Problem
For the word "white", give the number of lines in these entries that contain it, with nothing else.

Records to use
..........
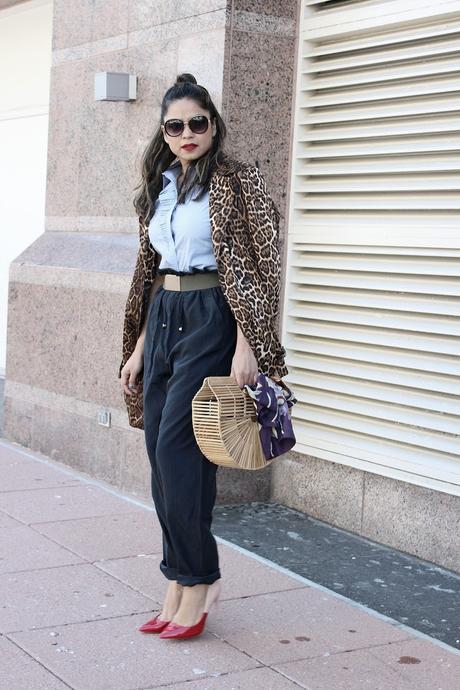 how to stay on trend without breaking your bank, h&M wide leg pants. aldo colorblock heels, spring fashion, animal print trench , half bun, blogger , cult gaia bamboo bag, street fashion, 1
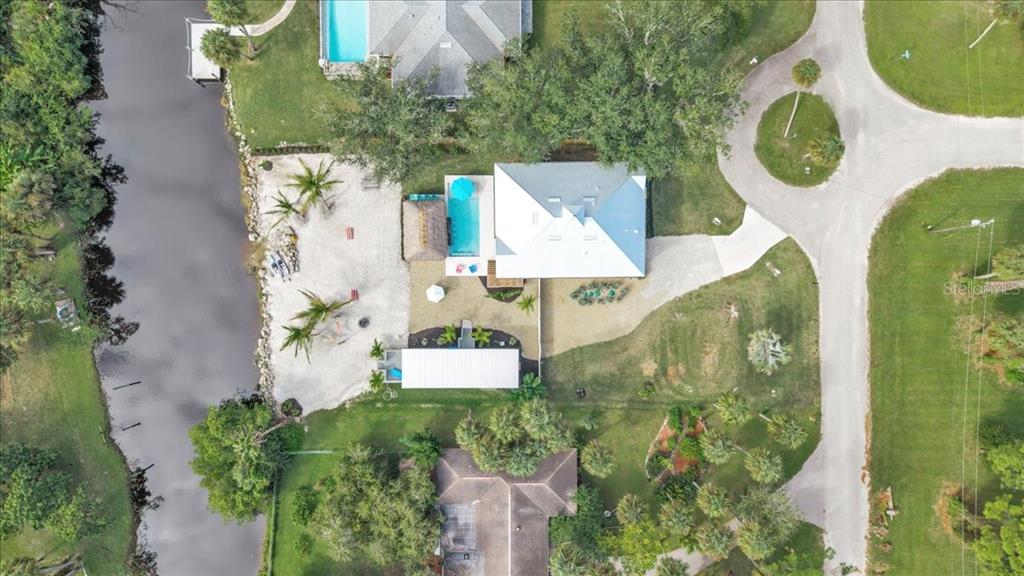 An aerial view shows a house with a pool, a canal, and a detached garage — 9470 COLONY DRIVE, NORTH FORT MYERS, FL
..........
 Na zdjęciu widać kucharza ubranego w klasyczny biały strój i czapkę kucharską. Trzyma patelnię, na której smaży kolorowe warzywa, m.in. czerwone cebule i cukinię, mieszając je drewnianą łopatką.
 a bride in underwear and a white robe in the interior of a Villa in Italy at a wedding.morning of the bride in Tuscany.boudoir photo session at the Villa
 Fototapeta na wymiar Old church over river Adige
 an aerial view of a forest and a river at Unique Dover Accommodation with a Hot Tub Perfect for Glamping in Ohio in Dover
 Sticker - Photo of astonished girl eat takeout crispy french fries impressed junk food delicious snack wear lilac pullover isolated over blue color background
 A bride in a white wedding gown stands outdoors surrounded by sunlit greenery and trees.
..........
Exercise answer
2